More mysterious still to many of Stewart’s friends in Houston was her abrupt disappearance from the art world. Smith last saw Stewart in the late 1980s, when she was teaching at St. Thomas University and exhibiting in an impressive array of art institutions across the country. A few years later Stewart packed up and moved away from Houston, settling in Arizona, Alabama and then Albuquerque, New Mexico. She never exhibited her artwork publicly again. Why would a woman who once showed at the Smithsonian Institution, the Getty Museum and prominent galleries in New York, New Orleans and many other cities suddenly leave it all behind?

Smith has a few hunches. Stewart often said that she was inspired by the Desert Southwest, and sent Smith an image of her working in her new studio in Flagstaff. The move to Birmingham probably had to do with the declining health of Stewart’s brother and two sisters, who lived in the area. When it came to her art career, Smith thinks Stewart may have needed room to spread her wings and find new inspiration.
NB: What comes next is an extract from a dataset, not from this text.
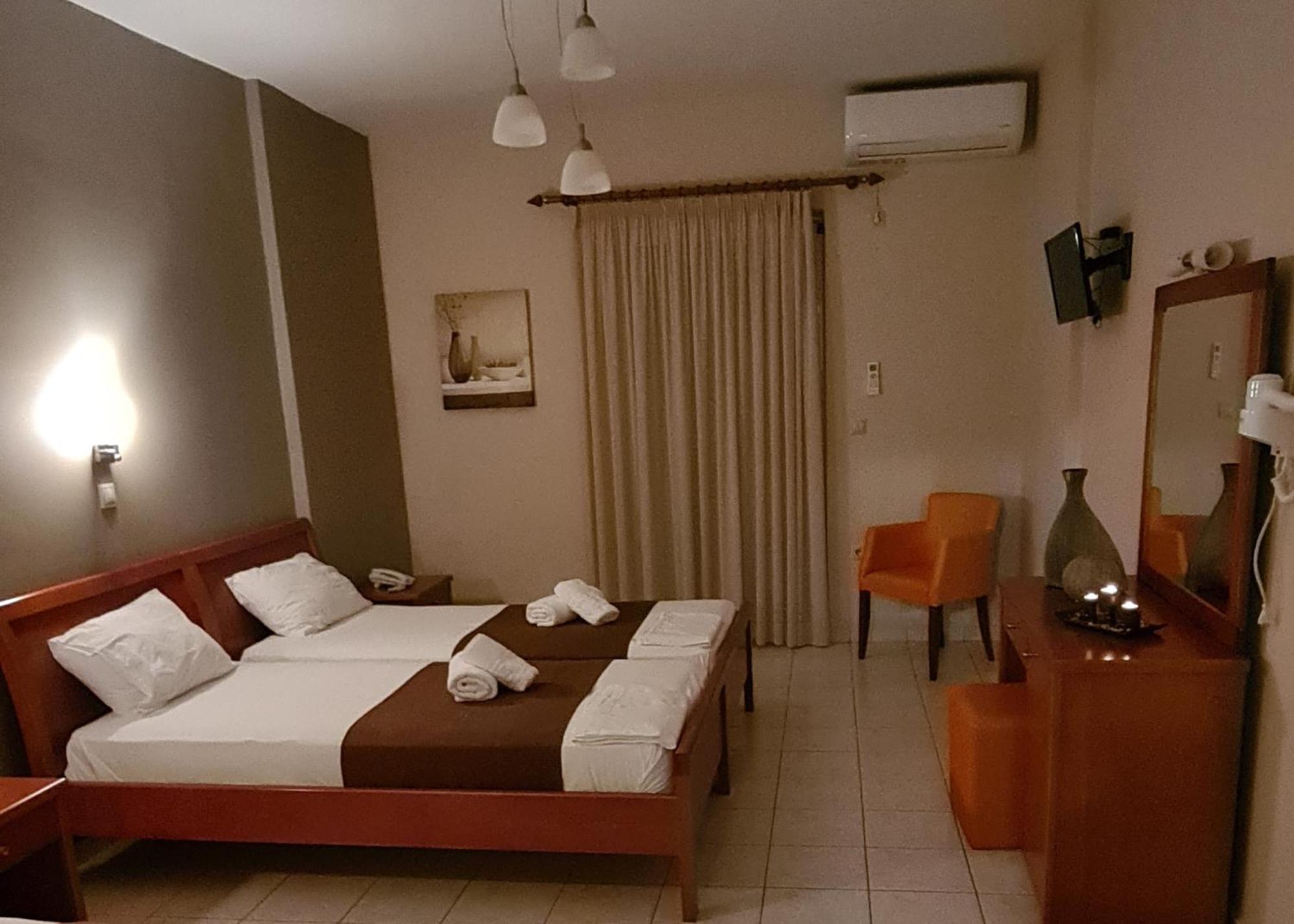 Manto Studios Tiros Luaran gambar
“Once we were talking about something she’d observed,” recalls Smith. “That sometimes to make it in your own town you have to leave and come back with something big. That people could get too used to you, but that perhaps you could come back and be accepted. Maybe she was planning that.”

Follow our blog in the coming weeks as we unravel the mysteries of Hannah Holliday Stewart’s life and artwork, and make sure to attend the opening of HANNAH HOLLIDAY STEWART: An Artistic Legacy Rediscovered on July 4 from 5-7 pm.  Also pick up the July/August issue of American Fine Art Magazine to read more about the show, and follow our investigations on Facebook, Twitter and Instagram.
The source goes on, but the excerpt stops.